* TASK PROMPT
Each entry should be restated word for word, with all pictures left out.

-- DATA EXCERPTS follows --

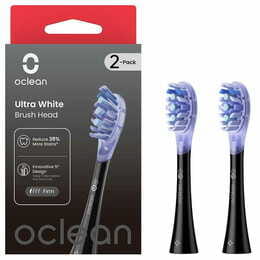 Насадка для зубной электрощетки Oclean UW02 B02 Ultra White Brush Head Black (2 шт) (6970810553550)
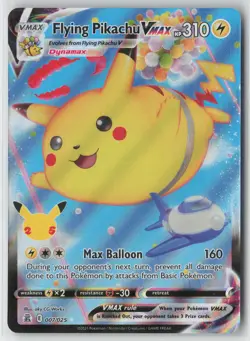 Flying Pikachu VMAX 007/025 Holo Rare VMAX Celebrations Pokemon NM - Image 1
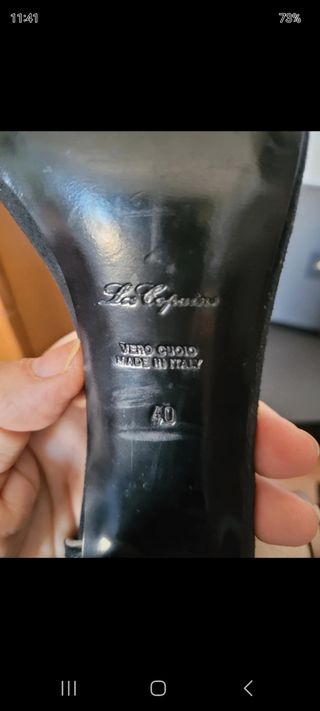 Sandali Les Copains - tacco - neri e arancioni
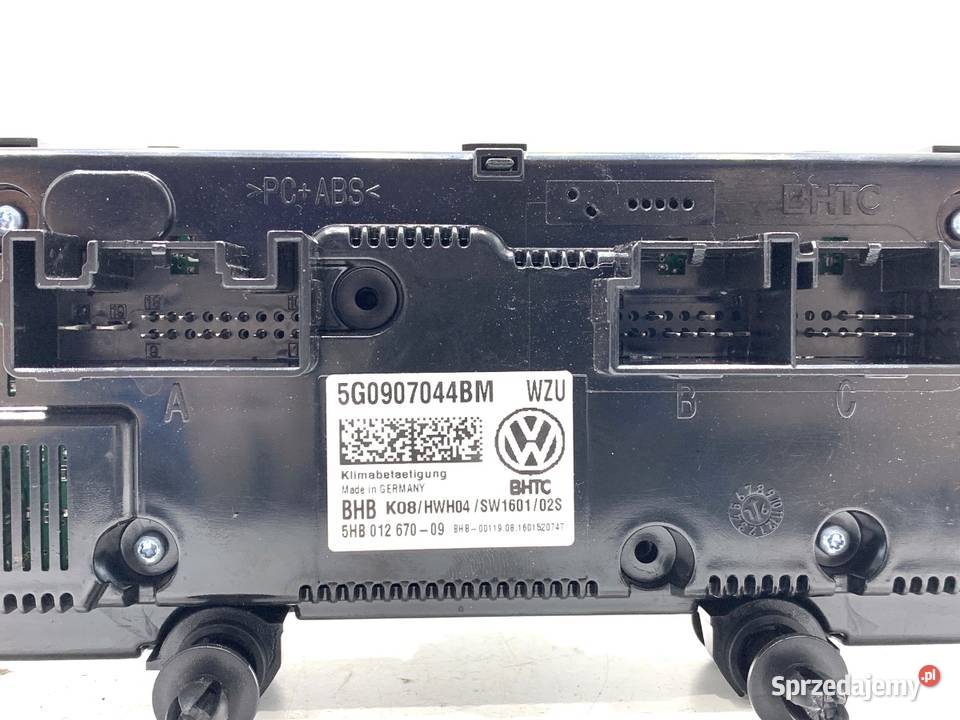 PANEL STEROWANIA NAWIEWU VW GOLF VII 5G0907044BM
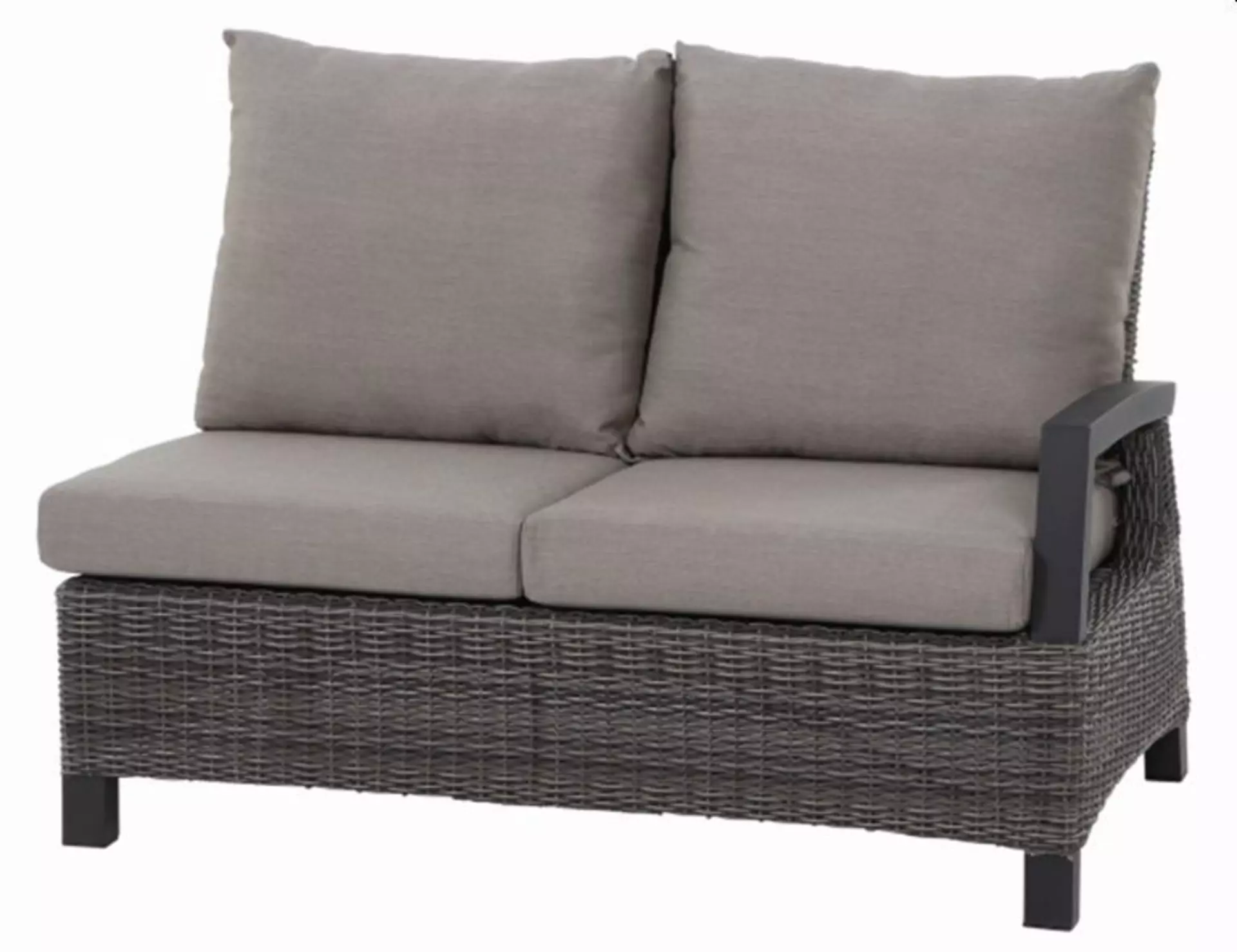 Loungesofa Corido Outdoor Metall 81 x 88 x 135 cm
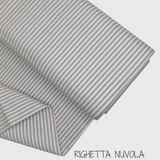 Collezione "Riga, quadretto e unito" H 180 cm - NUVOLA (carta da zucchero)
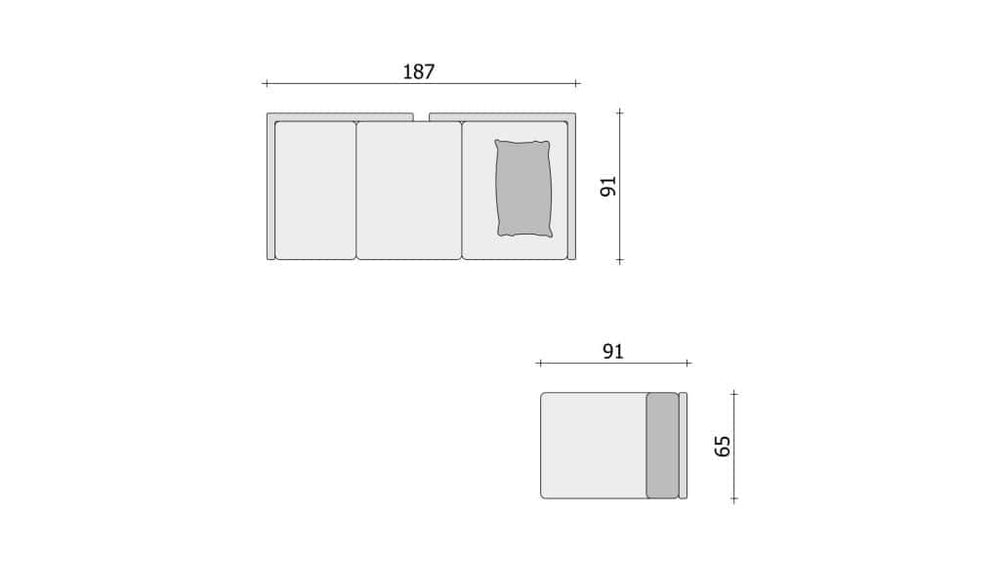 Clooods 3S &ndash; Letto + Poltrona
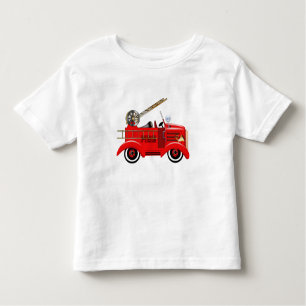 Fire Engine "add your own Name" Toddler T-Shirt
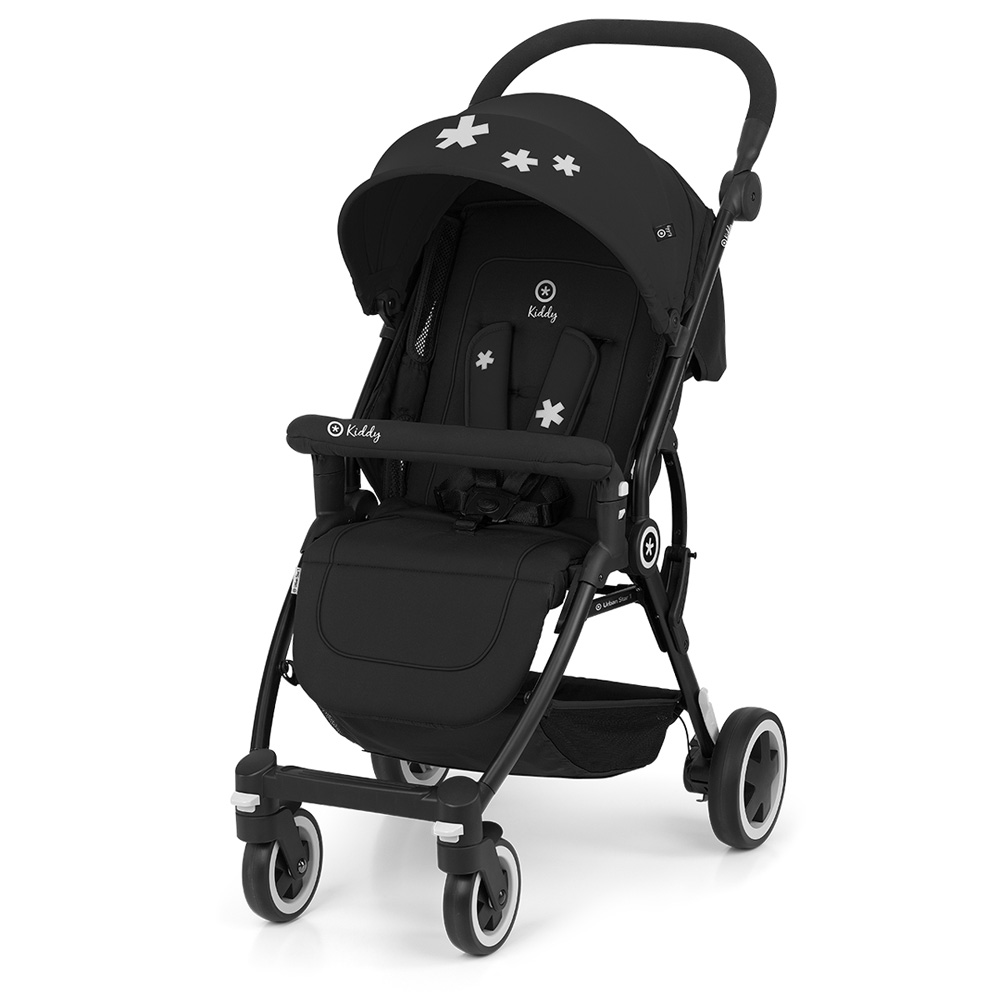 Poussette canne urban star mystic black de Kiddy sur allobébé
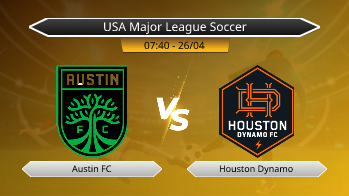 USA Major League Soccer Austin FC VS Houston Dynamo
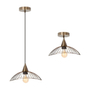 COLGANTE COBRE 1LUZ E27 40W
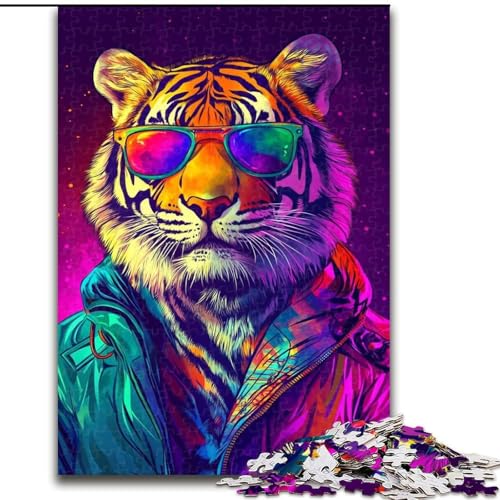 JigsawPuzzle 1000 Teile für Teenager Boss Tiger, Spielzeug-Intellektuelles Spiel zur Stärkung der Liebe zwischen Paaren für Kinder ab 14 Jahren (Größe 26x38cm) von NBDSOYEWO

-- DATA EXCERPTS concluded --

* REPLY TO THE EXERCISE
 Насадка для зубной электрощетки Oclean UW02 B02 Ultra White Brush Head Black (2 шт) (6970810553550)
 Flying Pikachu VMAX 007/025 Holo Rare VMAX Celebrations Pokemon NM - Image 1
 Sandali Les Copains - tacco - neri e arancioni
 PANEL STEROWANIA NAWIEWU VW GOLF VII 5G0907044BM
 Loungesofa Corido Outdoor Metall 81 x 88 x 135 cm
 Collezione "Riga, quadretto e unito" H 180 cm - NUVOLA (carta da zucchero)
 Clooods 3S &ndash; Letto + Poltrona
 Fire Engine "add your own Name" Toddler T-Shirt
 Poussette canne urban star mystic black de Kiddy sur allobébé
 USA Major League Soccer Austin FC VS Houston Dynamo
 COLGANTE COBRE 1LUZ E27 40W
 JigsawPuzzle 1000 Teile für Teenager Boss Tiger, Spielzeug-Intellektuelles Spiel zur Stärkung der Liebe zwischen Paaren für Kinder ab 14 Jahren (Größe 26x38cm) von NBDSOYEWO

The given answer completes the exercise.